Frank Gillette was born in 1941 in Jersey City, New Jersey. He attended Columbia University, dropping out after two years. He studied painting at Pratt Institute in New York, dropping out after two years. Gillette is the recipient of numerous awards, including fellowships from the Rockefeller Foundation and the Guggenheim Foundation, and grants from the New York State Council on the Arts and the National Endowment for the Arts. He was artist-in-residence at the American Academy in Rome in 1984-85. He is the author of numerous published works, including Between Paradigms (1973) and Of Another Nature (1988). His work has been presented in solo exhibitions including: The Everson Museum of Art, Syracuse; Contemporary Arts Museum, Houston; The Corcoran Gallery of Art, Washington D.C.; Howard Wise Gallery, New York; Leo Castelli Gallery, New York; Long Beach Museum of Art, California; The Institute of Contemporary Art, Boston; and the Whitney Museum of American Art, New York. In addition, Gillette’s work has been included in numerous group shows including: Kunsthalle, Cologne; Documenta 6, Kassel, Germany; Venice Biennale; The Museum of Modern Art, New York; Carnegie Museum, Pittsburgh; San Francisco Museum of Modern Art; Neuer Berliner Kunstverein, Berlin; and Castello di Rivoli, Turin, Italy, among others.

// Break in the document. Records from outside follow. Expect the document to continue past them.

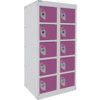 DUAL USB PHONE CHARGING LOCKER 5 TIERS 10 DOORS SUMMER LILAC thumbnail-0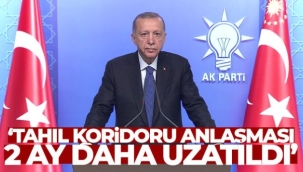 Cumhurbaşkanı Erdoğan: 'Tahıl koridoru anlaşması 2 ay daha uzatıldı'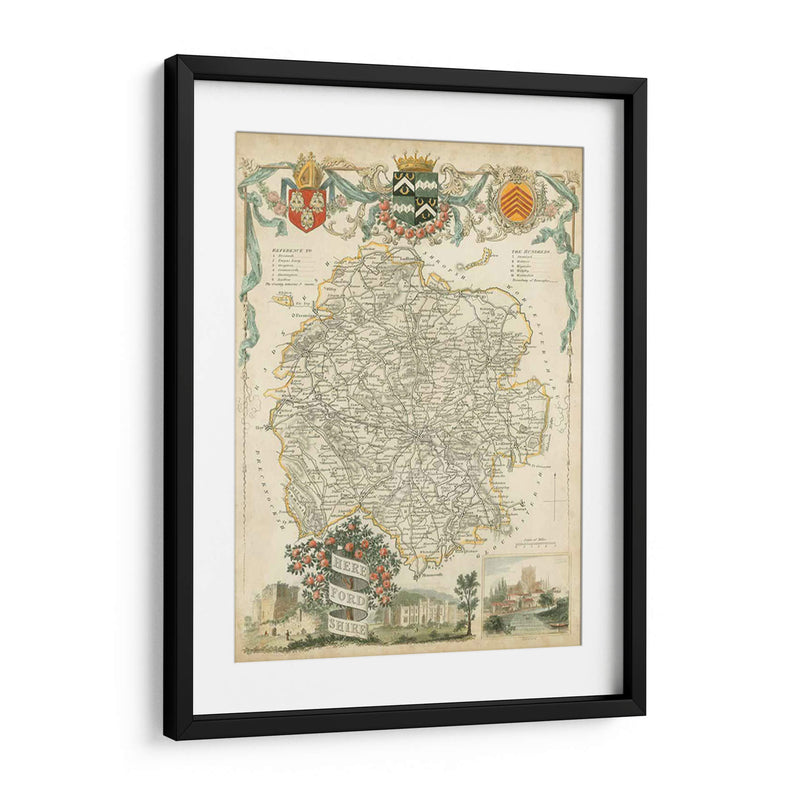 Mapa De Herefordshire | Cuadro decorativo de Canvas Lab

Merging a rich visual sensibility with an almost scientific engagement with taxonomy and ecological systems, Frank Gillette is a video pioneer whose multi-channel installations and tapes focus on empirical observations of natural phenomena. An early theorist of video’s formal and aesthetic parameters, in 1969 he was a founding director and president of the influential video collective Raindance. With influences ranging from cybernetics to painting, Gillette was an innovator of the multi-channel installation form, experimenting with image feedback, time-delay and closed-circuit systems. His seminal installation Wipe Cycle (1969) (with Ira Schneider), was included in the landmark 1969 exhibition TV As A Creative Medium at the Howard Wise Gallery in New York.

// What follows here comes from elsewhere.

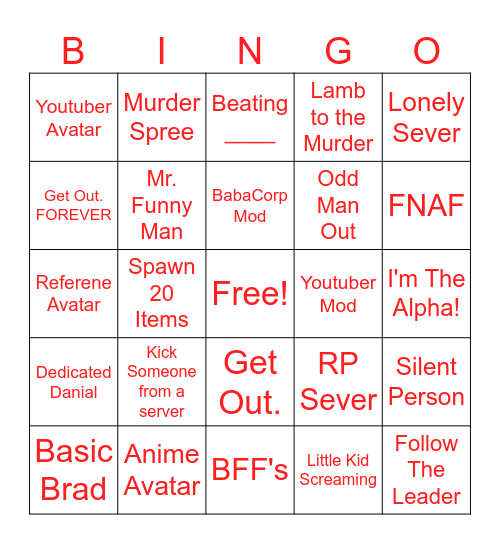 Bonelab Bingo Card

Gillette’s later multi-channel works draw parallels between technological, ecological, and cognitive processes. His meticulous, close-up visual records of ecological systems and natural landscapes are structured on rigorous observational systems and strategies of visual cross-associations. “Work in the medium of the realist,” he remarks. His striking studies of ecological microcosms employ a magnified realism, a kind of radical naturalism, posing metaphors for universality and specificity, observation and perception; through a reconstitution of the natural order. In addition to his work in video, Gillette actively works in painting, drawing, and photography. He lives and works in Manhattan and East Hampton, NY.